+++ Provided records +++

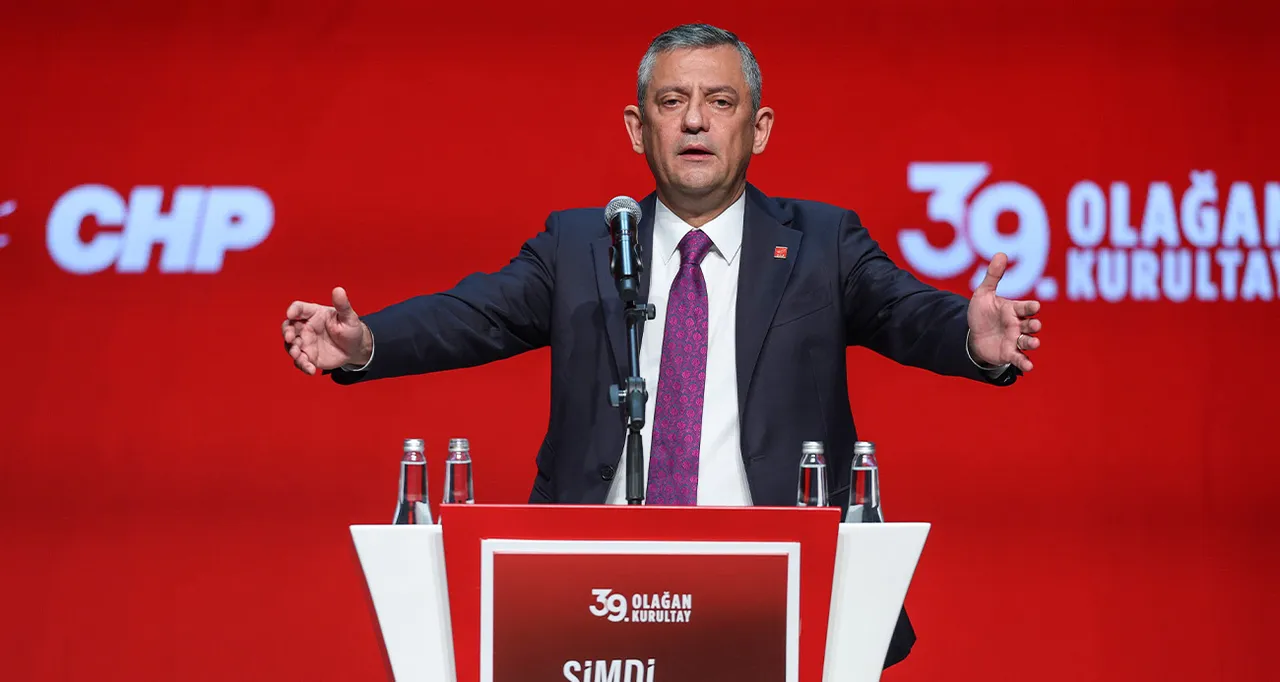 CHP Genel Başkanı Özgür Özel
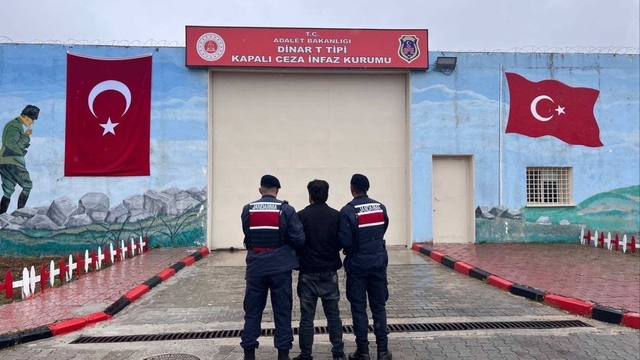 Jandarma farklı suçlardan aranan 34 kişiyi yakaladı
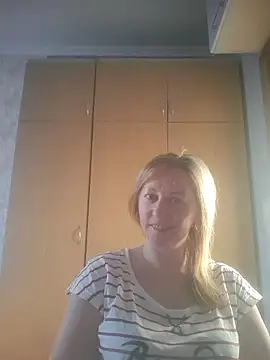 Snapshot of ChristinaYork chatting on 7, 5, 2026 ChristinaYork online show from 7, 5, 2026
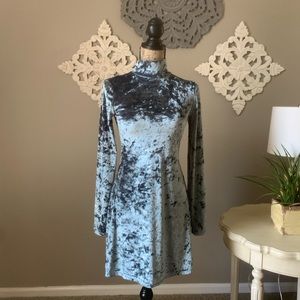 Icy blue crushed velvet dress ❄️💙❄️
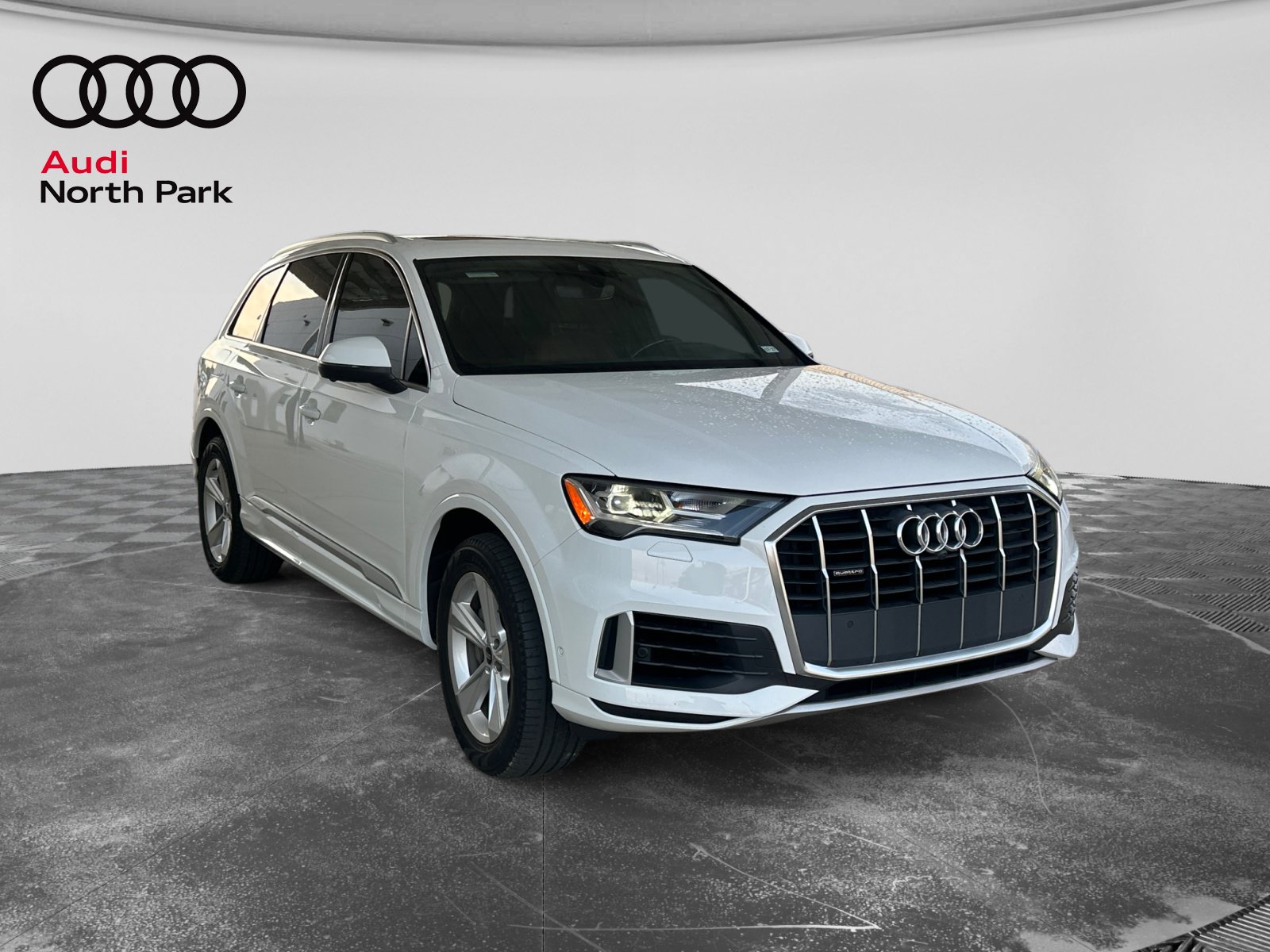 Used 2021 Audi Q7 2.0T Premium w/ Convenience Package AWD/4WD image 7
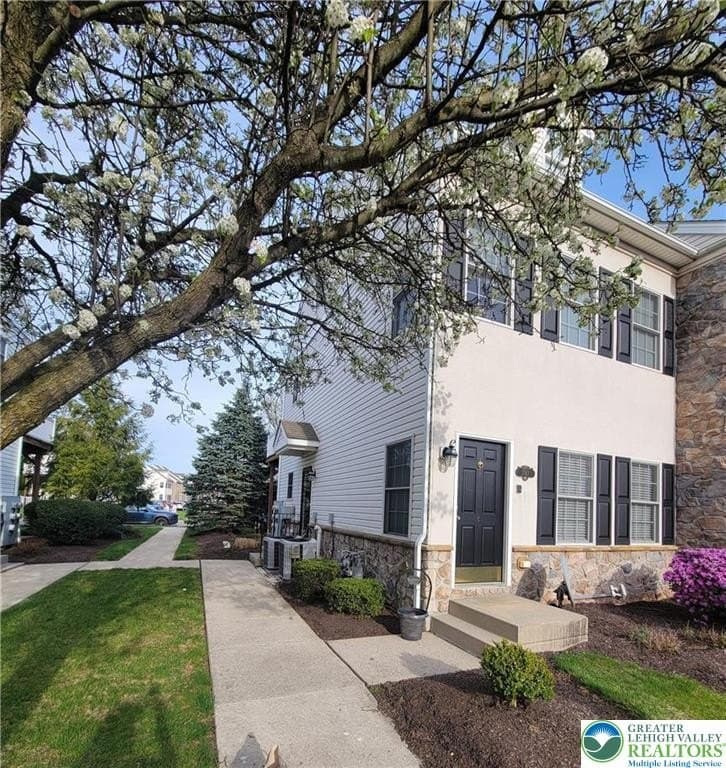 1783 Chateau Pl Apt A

+++
+++ Provided records +++

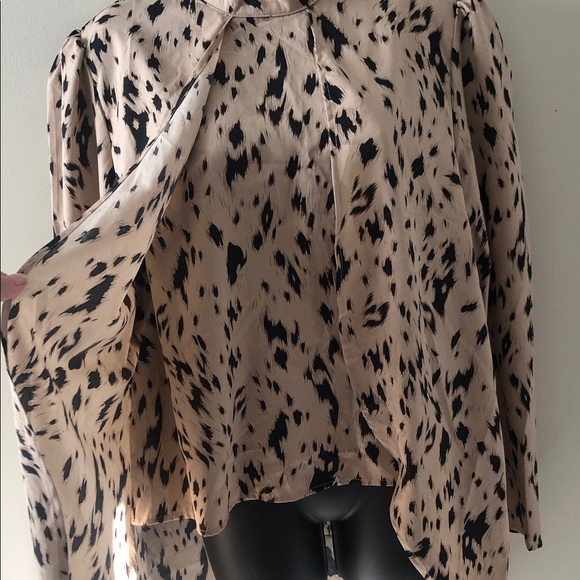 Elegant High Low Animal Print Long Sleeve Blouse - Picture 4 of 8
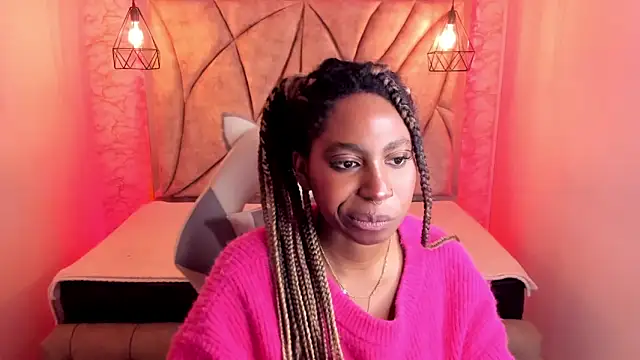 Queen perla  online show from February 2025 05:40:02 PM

+++
+++ Provided records +++

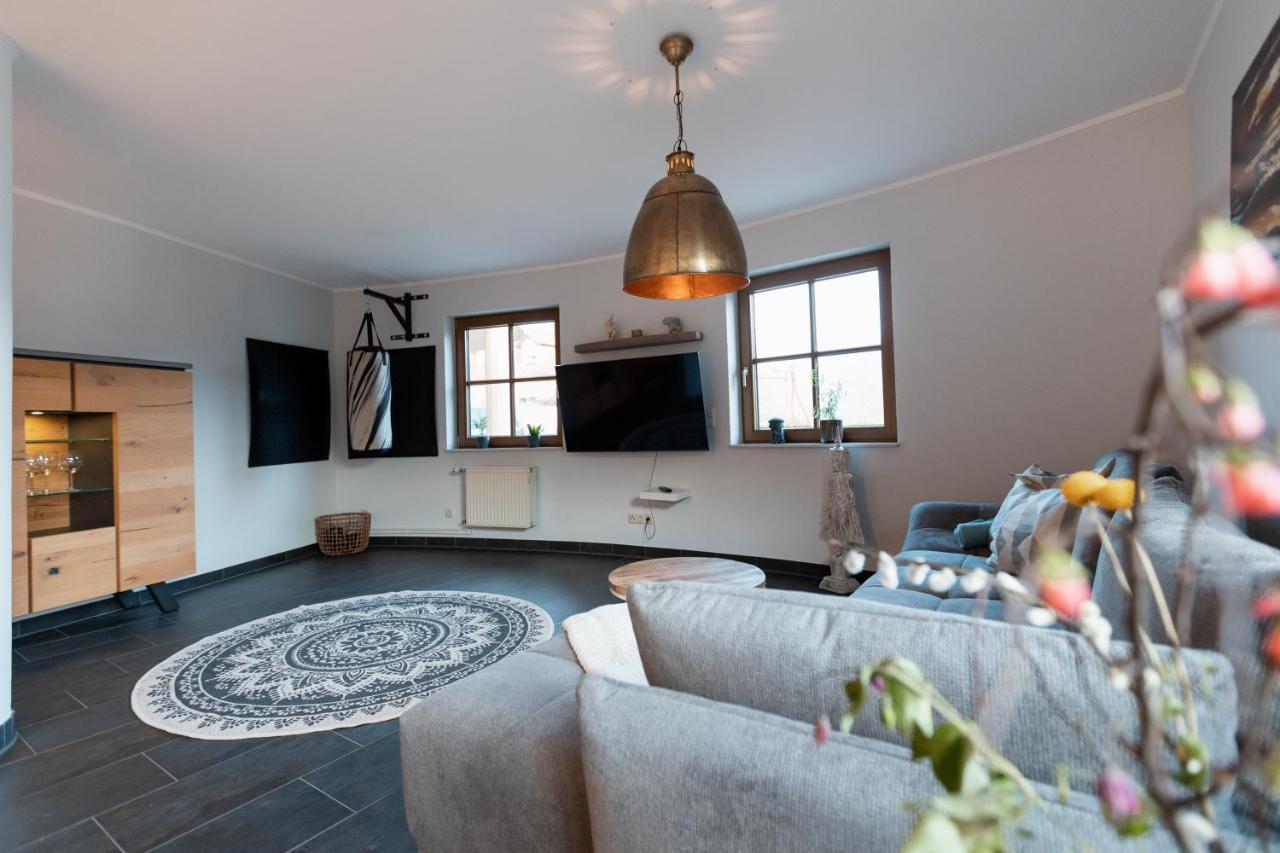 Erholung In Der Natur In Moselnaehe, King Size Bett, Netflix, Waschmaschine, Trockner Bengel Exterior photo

+++

### What the exercise asks
Repeat only the stretch of data above that runs from the line with "CHP Genel Başkanı Özgür Özel" to the line with "1783 Chateau Pl Apt A". Keep both end lines; exclude pictures.

### Written response
 CHP Genel Başkanı Özgür Özel
 Jandarma farklı suçlardan aranan 34 kişiyi yakaladı
 Snapshot of ChristinaYork chatting on 7, 5, 2026 ChristinaYork online show from 7, 5, 2026
 Icy blue crushed velvet dress ❄️💙❄️
 Used 2021 Audi Q7 2.0T Premium w/ Convenience Package AWD/4WD image 7
 1783 Chateau Pl Apt A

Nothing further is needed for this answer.